1 yellow onion, 1 small carrot, 1 celery stalk
Push the veggies to the side and add a drop of olive oil in the middle then drop in the minced garlic. Cook just until fragrant then stir in the chili flakes and herbs (oregano, bay, thyme, rosemary).
2 garlic cloves, 1 tsp red chili flakes, 1.5 tsp dry oregano, 8 sprigs fresh thyme, 1 sprig rosemary, 1 bay leaf
Add the beans, water, Passata, nutritional yeast and a pinch of salt and bring to a simmer. Cover with a lid and simmer for 25 minutes for the flavors to marry. (This soup tastes even better the following couple of days after it sat in the fridge and created magic together).
3 x15 oz canned cannellini beans, 1/2 cup Passata, 2 Tbsp nutritional yeast, 3 cups water
Transfer 1/3 to 1/2 of the bean soup to a powerful blender and process on the hot liquid setting until silky smooth. Stir back into the pot and combine with the rest of the soup.

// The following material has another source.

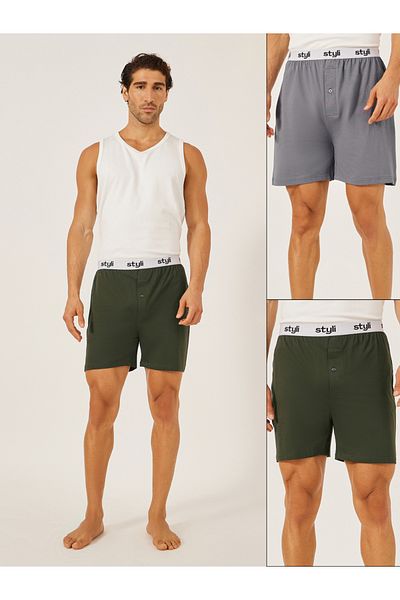 Styli Pack of 2 - Knitted Boxer With Elasticated Waistband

Make Gremolata: While your soup is simmering mix together all the gremolata ingredients. Season with a tiny pinch of sea salt and some freshly cracked black pepper.
1/4 cup cup Italian parsley leaves, 1 large garlic clove, Zest from 1 lemon, 1 Tbsp olive oil, 1 pinch sea salt
Ladle the soup into bowls and serve with a spoon of the gremolata and a thick slice of bruschetta or crusty bread. (Alternatively you cab mix all the gremolata in the pot of soup but I like to serve it individually).